Europe was divided. Of course it was; always was. But here, France and England were at war with each other, as were Genoa and Pisa, and Germany was at war with itself, with Philip of Swabia and Otto of Brunswick struggling over the imperial throne. There are indications that the clergy resisted the taxation attempts, and neither blood nor treasure were pouring into the war chest as the Spring of 1199 deadline rushed up and was gone. Innocent was disappointed, but a light was flickering on in France which would turn things around.

On the outskirts of Paris, a preacher was making a name for himself. Fulk of Neuilly, as he was called, was filling the streets with his enthusiastic listeners, and a contemporary called him “another Paul.” He railed against usury, lechery, and the concubinage of the clergy, picking out offenders right there in the crowd. And he preached Innocent’s crusade.
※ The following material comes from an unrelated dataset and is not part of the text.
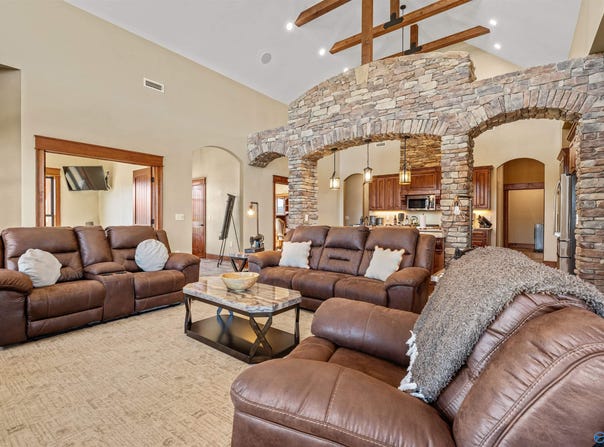 750 Monte Sano Drive, Scottsboro, AL 35769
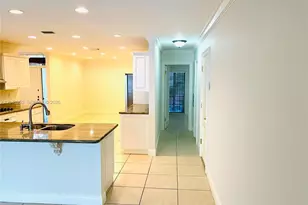 15187 W Loch Isle Dr W, Miami Lakes, FL 33014 - Photo 10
With Innocent’s approval, Fulk went to work, extending his reach well beyond the suburbs of the city and enlisting men, some nobles, but mostly the poor, thousands of whom signed up at his urging. And then, at a late November tournament at Ecry, in Northern France, the host, Count Thibaut de Champagne, and his cousin, Count Louis de Blois, took the cross, and took the other attending knights along them. With those two grandsons of Louis VII and Eleanor of Aquitaine officially on board, the floodgates opened. Innocent’s crusade was behind schedule, but it was gaining momentum.    

Both of our chroniclers open their stories by listing some of those notables to take the cross: Thibaut and Louis, who we’ve already met, and also Count Baldwin of Flanders, with his brother, and Count Simon of Montfort with his; the bishops of Soissons and Troyes, a bishop from Germany, the future Bishop of Acre; and many more knights, abbots, and monks than could easily be mentioned; lords are named from Burgundy, Champagne, Beauvais, the Ile-de-France, Flanders, and elsewhere. Robert lists those who would be most notable for their deeds and prowess, the rich of course, but also, interestingly, the poor - Hugh of Beauvais, Robert of Ronsoi, and so on.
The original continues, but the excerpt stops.